It's worth noting that 'fraud' is not a moral concept; it is a legal one. The moral principle most directly applicable to this situation is honesty, and its specific formulation is worth noting: the commitment to never attempt to gain a value by faking reality. If you deliberately enter into a mortgage contract with the intention of getting a place to live without paying for it, that is clearly a violation of the virtue of honesty as formulated above. On the other hand, if the situation has simply changed in such a way that continuing to pay on the mortgage would constitute a sacrifice, and you decide it is in your self-interest to return the house to the bank and take the hit on your credit report, that is not a violation of the principle of honesty. Which value are you trying to obtain, and what part of reality are you trying to fake?
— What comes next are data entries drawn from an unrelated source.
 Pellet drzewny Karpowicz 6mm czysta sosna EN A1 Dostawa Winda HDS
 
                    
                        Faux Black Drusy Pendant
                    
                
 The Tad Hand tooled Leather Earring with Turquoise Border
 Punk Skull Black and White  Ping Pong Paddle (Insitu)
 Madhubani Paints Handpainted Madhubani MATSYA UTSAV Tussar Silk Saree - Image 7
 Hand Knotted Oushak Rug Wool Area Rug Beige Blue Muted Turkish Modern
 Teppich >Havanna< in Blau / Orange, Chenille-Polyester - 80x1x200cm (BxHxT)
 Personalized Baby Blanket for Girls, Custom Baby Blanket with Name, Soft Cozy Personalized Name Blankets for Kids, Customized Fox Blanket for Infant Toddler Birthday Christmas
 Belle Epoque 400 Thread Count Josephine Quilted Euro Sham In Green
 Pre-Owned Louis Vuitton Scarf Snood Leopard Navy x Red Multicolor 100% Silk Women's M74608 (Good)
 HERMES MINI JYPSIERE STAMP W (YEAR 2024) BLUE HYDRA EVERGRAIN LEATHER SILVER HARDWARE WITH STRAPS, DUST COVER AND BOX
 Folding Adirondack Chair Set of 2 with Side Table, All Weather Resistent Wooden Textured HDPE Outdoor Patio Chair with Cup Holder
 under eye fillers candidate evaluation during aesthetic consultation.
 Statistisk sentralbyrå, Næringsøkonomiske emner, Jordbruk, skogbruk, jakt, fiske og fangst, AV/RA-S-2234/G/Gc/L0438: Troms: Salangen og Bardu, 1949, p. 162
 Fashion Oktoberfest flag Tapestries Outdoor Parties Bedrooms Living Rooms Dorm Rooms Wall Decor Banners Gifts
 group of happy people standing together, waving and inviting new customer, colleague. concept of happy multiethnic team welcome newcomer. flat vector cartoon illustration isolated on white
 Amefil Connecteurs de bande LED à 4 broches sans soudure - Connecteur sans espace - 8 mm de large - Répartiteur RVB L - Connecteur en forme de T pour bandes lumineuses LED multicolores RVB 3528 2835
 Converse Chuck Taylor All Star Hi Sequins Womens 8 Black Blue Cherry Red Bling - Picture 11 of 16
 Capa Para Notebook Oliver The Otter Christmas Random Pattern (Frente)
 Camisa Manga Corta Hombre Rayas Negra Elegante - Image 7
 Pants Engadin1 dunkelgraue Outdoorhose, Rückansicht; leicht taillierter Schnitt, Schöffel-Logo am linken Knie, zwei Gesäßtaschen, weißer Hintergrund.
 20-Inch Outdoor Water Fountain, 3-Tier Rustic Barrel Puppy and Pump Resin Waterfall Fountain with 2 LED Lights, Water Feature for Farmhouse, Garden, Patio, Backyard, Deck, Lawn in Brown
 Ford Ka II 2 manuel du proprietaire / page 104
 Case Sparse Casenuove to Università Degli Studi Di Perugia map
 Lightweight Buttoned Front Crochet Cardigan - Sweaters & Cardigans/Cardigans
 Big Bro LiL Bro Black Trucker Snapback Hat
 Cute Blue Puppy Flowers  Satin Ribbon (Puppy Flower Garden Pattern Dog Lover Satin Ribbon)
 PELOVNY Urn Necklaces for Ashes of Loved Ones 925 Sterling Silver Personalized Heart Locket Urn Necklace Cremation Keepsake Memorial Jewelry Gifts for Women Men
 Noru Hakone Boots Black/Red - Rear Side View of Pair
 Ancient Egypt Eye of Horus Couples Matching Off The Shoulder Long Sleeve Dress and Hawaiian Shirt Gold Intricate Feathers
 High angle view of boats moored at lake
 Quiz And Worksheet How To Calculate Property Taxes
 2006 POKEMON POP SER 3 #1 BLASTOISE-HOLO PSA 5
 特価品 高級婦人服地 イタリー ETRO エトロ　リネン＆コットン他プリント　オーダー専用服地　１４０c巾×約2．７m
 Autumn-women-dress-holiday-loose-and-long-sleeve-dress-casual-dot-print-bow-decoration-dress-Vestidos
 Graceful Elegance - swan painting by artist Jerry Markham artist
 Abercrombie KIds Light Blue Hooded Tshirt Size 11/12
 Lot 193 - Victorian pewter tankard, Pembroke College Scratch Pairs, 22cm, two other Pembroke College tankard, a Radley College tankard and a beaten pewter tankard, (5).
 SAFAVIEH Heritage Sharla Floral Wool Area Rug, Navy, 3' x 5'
Here's a concrete scenario in which strategic default might be moral. Suppose that you bought a house as a 'fixer-upper', with the intent of remodeling it and selling it for a profit a few years down the road. Then the market collapses, such that it would take you many more years to be able to sell even the remodeled house for enough to make your investment back. Selling the house wouldn't even make you enough money to cover what you own on the mortgage. In such a situation it might well make sense to just wash your hands of the whole situation, give the house back to the bank and move on. In essence, you bought the house as a means to an end, and due to circumstances beyond your control it ceased to be a means to that end.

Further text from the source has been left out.